Strong labor-management results in health care ‘holiday’
WAMPSVILLE – How did most Madison County workers go from paying soaring health insurance premium contributions to having to pay nothing toward their premiums for 20 weeks?
Union intervention and perseverance, with a good dose of cooperation from county management thrown in, that’s how.
It took hard work over three years, but it turned out to be worth it for CSEA members participating in the county’s self-insured plan.
Seeking a solution together
It all started when CSEA Madison County leaders wanted to find solutions to skyrocketing health premium costs for workers. At worst, members on a family plan were paying about $700 per month toward their health and dental plan premiums.
“It was unsustainable. Workers with family coverage were seeing their take-home pay decreasing,” said CSEA White Collar Unit President Betty Jo Johnson.

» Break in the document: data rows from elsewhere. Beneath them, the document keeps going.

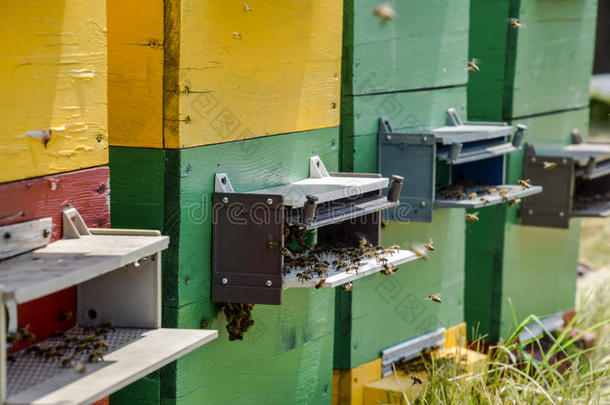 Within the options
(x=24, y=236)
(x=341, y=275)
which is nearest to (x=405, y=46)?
(x=341, y=275)

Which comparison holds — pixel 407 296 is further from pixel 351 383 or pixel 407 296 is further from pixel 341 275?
pixel 341 275

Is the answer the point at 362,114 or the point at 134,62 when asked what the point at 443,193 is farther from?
the point at 134,62

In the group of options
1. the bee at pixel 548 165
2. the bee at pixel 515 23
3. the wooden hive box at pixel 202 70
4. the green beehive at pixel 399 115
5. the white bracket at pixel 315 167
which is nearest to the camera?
the wooden hive box at pixel 202 70

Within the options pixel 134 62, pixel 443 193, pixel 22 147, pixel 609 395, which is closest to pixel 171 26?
pixel 134 62

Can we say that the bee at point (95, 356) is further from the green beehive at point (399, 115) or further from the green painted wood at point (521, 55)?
the green painted wood at point (521, 55)

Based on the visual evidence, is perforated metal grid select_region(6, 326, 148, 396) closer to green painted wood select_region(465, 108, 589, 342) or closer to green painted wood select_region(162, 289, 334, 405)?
green painted wood select_region(162, 289, 334, 405)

Through the county’s Health Insurance Task Force, CSEA Madison County leaders, with help from our union’s Health Benefits Department, worked with county officials to design a customized new health plan, shifting from a costly indemnity plan to a more affordable preferred provider organization (PPO) plan.
They reviewed how county workers were using their health insurance, and made changes to lower costs, including increasing use of mail-order prescriptions. They also agreed to add a high-deductible plan option, and to have incoming managers and members of the Board of Supervisors contribute toward their health coverage.
Returning value to workers and taxpayers
Needing a clear baseline to determine if the new PPO plan was saving money as planned, CSEA representatives aggressively pursued an accounting of the county’s health plan reserves, and an audit to determine how much was required to be in there.
The result showed that the health plan had roughly $2.7 million in reserves, but required only about $1.4 million to keep it appropriately funded.
Our union pushed for a fiscally responsible solution that would return the excess money to county workers and taxpayers.
The result? An immediate 10 percent reduction in premium contributions for covered workers, and, more recently, a health insurance premium contribution “vacation” for 10 pay periods for covered workers, a savings of roughly $2,000 to $3,000, dependent on coverage levels, equating to about a 6 to 10 percent wage increase for most workers.
“I’m very grateful that someone was looking at where our money was and went to the effort to find us a new plan which led to this cost savings,” said Office Assistant Jennifer Houle, who works at the county Department of Social Services’ Support Collections Unit’s Accounting Division.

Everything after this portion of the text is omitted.